7.Noncompetition. (a) In consideration for the compensation payable to the Executive under this Agreement, the Executive agrees that Executive will not, during the Non-Compete Period, directly or indirectly engage in, have any equity interest in, manage or operate, provide services for, consult with or be employed by any person, firm, corporation, partnership or business (whether as director, officer, employee, agent, representative, partner, security holder, consultant or otherwise) that engages in any business which competes with any Competitive Business (as defined below) anywhere in the World; provided, however, that the Executive shall be permitted to acquire a passive stock interest in such a business provided the stock acquired is publicly traded and is not more than two percent (2%) of the outstanding interest in such business.

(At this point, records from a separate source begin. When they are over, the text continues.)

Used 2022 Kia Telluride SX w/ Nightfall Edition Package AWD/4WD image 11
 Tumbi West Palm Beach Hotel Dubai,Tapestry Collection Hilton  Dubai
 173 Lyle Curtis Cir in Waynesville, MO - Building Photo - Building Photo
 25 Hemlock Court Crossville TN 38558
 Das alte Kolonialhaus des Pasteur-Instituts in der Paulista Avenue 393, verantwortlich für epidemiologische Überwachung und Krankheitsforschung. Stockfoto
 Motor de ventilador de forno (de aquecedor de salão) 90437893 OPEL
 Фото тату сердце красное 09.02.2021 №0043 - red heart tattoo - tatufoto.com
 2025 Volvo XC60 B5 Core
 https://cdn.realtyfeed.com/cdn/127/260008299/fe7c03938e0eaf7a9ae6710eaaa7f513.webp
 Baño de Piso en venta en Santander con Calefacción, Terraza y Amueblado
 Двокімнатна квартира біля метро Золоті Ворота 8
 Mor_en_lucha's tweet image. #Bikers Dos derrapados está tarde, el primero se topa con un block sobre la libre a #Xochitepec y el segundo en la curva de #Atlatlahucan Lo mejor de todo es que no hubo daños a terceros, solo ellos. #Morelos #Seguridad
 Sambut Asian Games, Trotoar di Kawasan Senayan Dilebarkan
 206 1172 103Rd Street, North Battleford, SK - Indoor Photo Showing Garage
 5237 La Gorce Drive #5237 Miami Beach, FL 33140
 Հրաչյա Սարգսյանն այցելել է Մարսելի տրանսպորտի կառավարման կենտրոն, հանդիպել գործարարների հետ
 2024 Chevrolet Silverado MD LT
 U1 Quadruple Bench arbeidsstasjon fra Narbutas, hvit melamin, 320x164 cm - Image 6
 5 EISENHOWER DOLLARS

For purposes of this Section 7, the “Non-Compete Period” shall mean the period beginning on the Effective Date and ending (i) if Executive is terminated by the Company pursuant to Sections 5(b), 5(c) or 5(e) or (ii) by Executive pursuant to Section 5(d) or 5(f), eighteen (18) months following the Executive’s termination of employment.
(b)During the Non-Compete Period, the Executive shall not recruit or otherwise solicit or induce any employee, consultant, independent contractor, customer, subscriber or supplier of the Company (i) to terminate its employment or arrangement with the Company, or (ii) to otherwise change its relationship with the Company.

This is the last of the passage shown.